Puede que parezca obvio, pero lo que pone en escena Jardín barroco no es intrascendente: al filmar al artista Roberto García de Mesa en una intervención que comprende numerosas disciplinas artísticas, la cámara del cineasta Jairo López se encuentra con maneras diferentes de filmar para aproximarse con exactitud a cada una de las artes. Y es posible que no sea algo buscado, aún cuando se trate de un autor que confiesa una especial preocupación por la puesta en escena. Pero lo cierto es que esas diferencias están ahí: el plano medio para encuadrar a Roberto a través de la habitación, un primer plano cuando escribe, un plano general cuando vuelve sobre sus pasos para juguetear con las teclas de un piano.
No se trata de un documental al uso, porque el cineasta no pretende hacer un retrato del personaje que tiene frente a él, sino el retrato de un instante de tiempo: el proceso de intervención artística en la Galería Conca, en Tenerife, un proceso en el que también se pondrá frente a la cámara el propio cineasta cuando colabora en las manualidades propuestas por Roberto García. Sería oportunista hablar del retrato que hace Jardín barroco de la crisis en España, más allá del puro testimonio de los ecos de una manifestación que se escucha fuera de campo, pero sí que personifica de forma inequívoca el testimonio de una sala de arte contemporáneo ahora cerrada.

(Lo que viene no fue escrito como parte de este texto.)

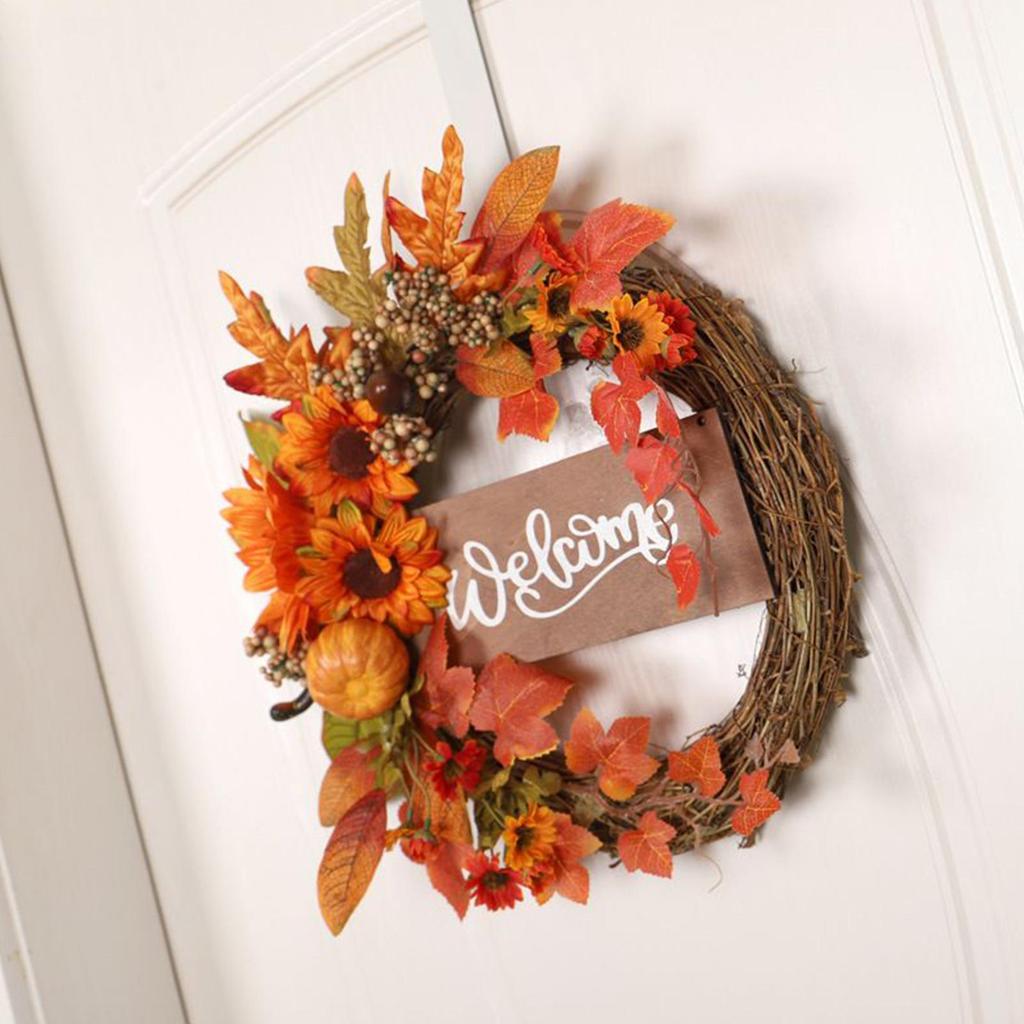 Fall Wreath Sunflower Pumpkin Maple Thanksgiving Decor Artificial Holiday Wreath For Harvest Festival Office Apartment Coffee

De manera que la película termina siendo tanto homenaje al arte vivo como testigo de un espacio que, en cierto modo, ya no existe. Dicho de otro modo, Jardín barroco es la celebración de la vida en un espacio muerto, o al menos condenado a la desaparición. Quizás sea el mayor homenaje que puede brindarle Jairo López al sujeto que filma: el proceso creativo ha generado, finalmente, una vida en la que ya no hay nada.

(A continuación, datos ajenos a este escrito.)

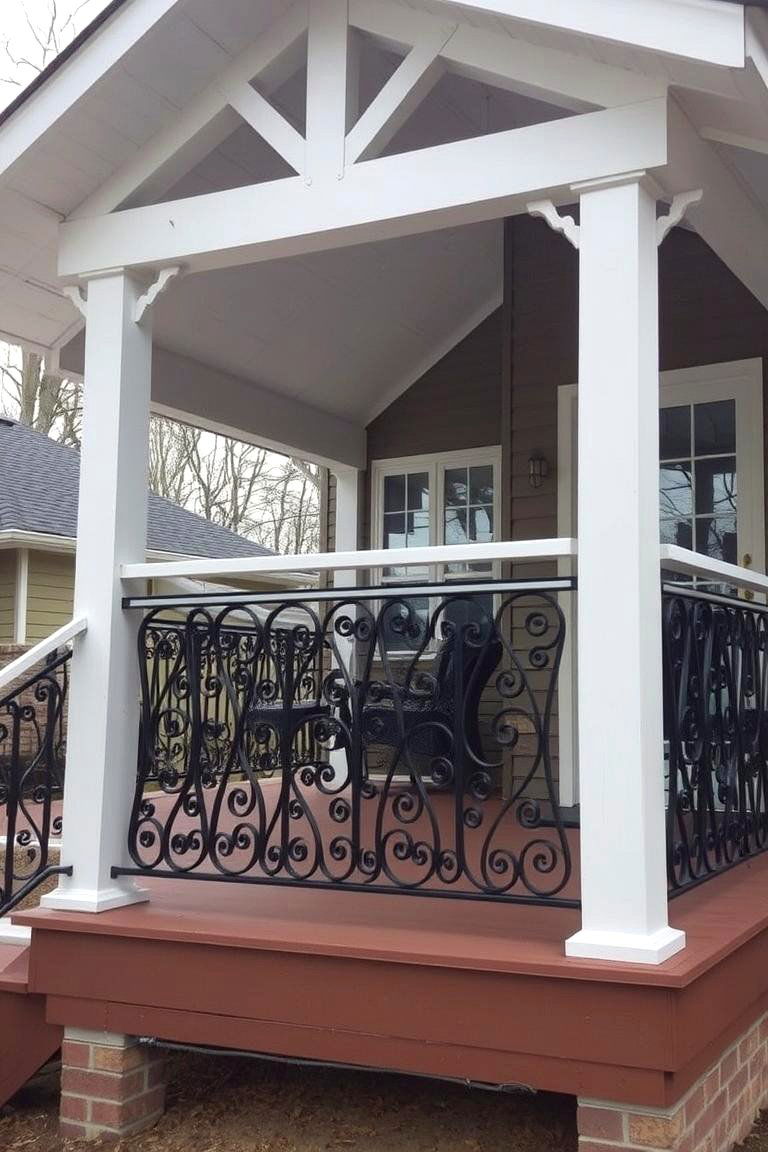 Shed Roof Porch with Decorative Railings - 24 Shed Roof Porch Design Ideas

La belleza de la película no termina en la mera representación de las disciplinas artísticas, sino que se atreve a finalizar con un epílogo que enfrenta a los visitantes con el propio espacio, a la manera de un final especular sobre el que se refleja todo lo anterior. Ahora son los visitantes los que se enfrentan al lugar, un espacio transformado por el artista. El poder del cine es el de unir esos dos momentos distantes en el tiempo: la intervención de Roberto García y, días después, el tránsito de unos visitantes dispuestos a sorprenderse. La cámara de Jairo López funciona como un espejo, reflejando un tiempo en el otro y viceversa. En ese proceso el cineasta también parece encontrarse a sí mismo. Hay dos decisiones que marcan su personalidad como cineasta, su intervención sobre la intervención: una panorámica que dibuja sobre el cuerpo en movimiento del artista al que filma, y el momento en el que decide ponerse también frente a la cámara. En la primera decisión revela el alcance de su mirada como autor; la segunda viene a revelar que, efectivamente, en todo lo que uno filma también está todo lo que uno es.